The other night as I sat at my computer struggling to write a short story that held none of the promise of my dreams, a small army of ants rushed up to my key board and spread out across my desk.
And do you know, I squashed them all with my thumb, every one of them squashed flat under my thumb. I did it out of instinct and in a hurry, intent on making sure that not one single ant survived because by now I had decided these were the scout ants, the ones who go out in advance of the troops to survey the land for food and I did not want any other ants to invade my desk.
I could not find a local ant to photograph and so I offer an image of my weapon of destruction.
Only now do I consider the heartlessness of my actions, but when it comes to ants I can be ruthless and why is this so?
If it were a spider or a beetle, I would have used a tissue and collected the creature, and put it out the door. But not so the ants.
Mind you, I’m not sure how I’d have handled an avalanche of spiders. I might well have run from the room.
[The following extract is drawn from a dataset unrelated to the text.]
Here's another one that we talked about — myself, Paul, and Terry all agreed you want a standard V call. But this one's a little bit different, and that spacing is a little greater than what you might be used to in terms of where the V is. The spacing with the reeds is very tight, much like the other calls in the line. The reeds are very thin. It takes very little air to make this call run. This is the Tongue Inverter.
I’m not scared of spiders as a rule but a group of ten of them advancing from behind my computer screen would be worse than any of the unexpected and negative events that happen in my dreams.
This puts me in mind of the asylum seeker debate here in Australia which preoccupies me at the moment. I suspect there are folks who regard refugees rather in the same way as I considered those ants, with fear and loathing, mostly because they are seen as enemy aliens to be gotten rid of or avoided.
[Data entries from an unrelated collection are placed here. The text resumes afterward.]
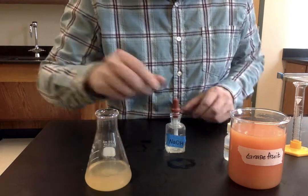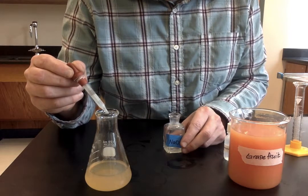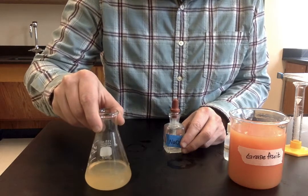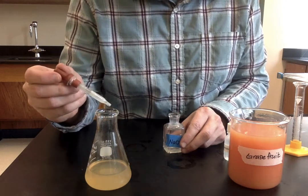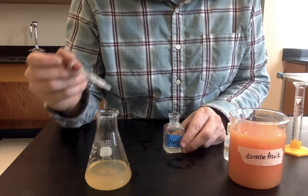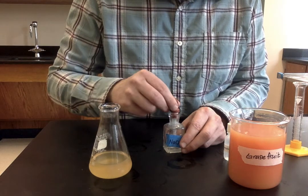Okay, so no real color change yet. Starting to see the color really linger at the top of the solution, which means that we're getting close. No color change yet though.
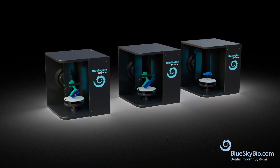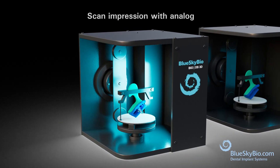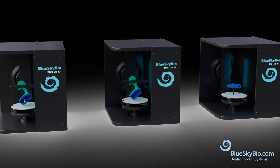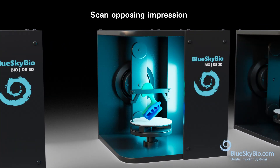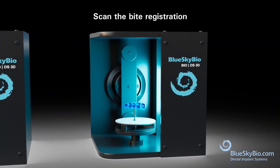Place the impression with analog into a lab scanner and scan. Place the opposing impression into a lab scanner and scan. Place the bite registration into a lab scanner and scan.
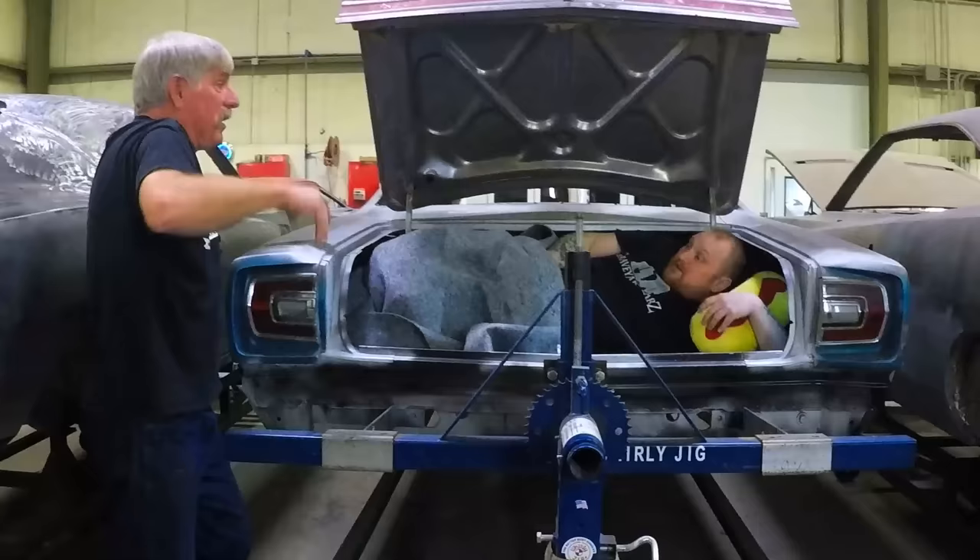Hey, George, wake up! What time is it? It's time for the next episode of Graveyard Cars. Let's go, let's go!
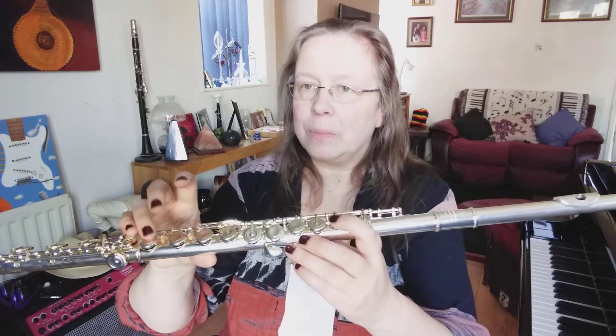Hi, today we're looking at Tune A Day Original Series for Flute — that's the Orange Book — and we're on Lesson 5 and we have a new note. So we're looking at the note B, but we're also putting the first finger down here.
The asylum seeker issue is copping a battering in Australia at the moment because the government has been trying to pass legislation that will allow so-called off shore processing, say in places like Malaysia, as a way of preventing people smugglers from taking the refugees’ money and shipping them out to Australia in leaky boats, two of which have recently capsized and sunk with the loss of many lives. And also of stopping the uninvited influx of refugees from invading our shores. What an irony when you consider what happened to our indigenous people a couple of centuries ago.
I know it is a political issue, and a complex one, and that many people have different perspectives so I can only speak for myself. I can understand why many are reluctant to make room for these strangers. I know that I too often prefer the cosiness of the in-group, especially when I’m included in it, but if we lock people out, desperate people who have nowhere else to go, out of fear or greed or sheer ignorance then what sort of world are we creating for our young ones?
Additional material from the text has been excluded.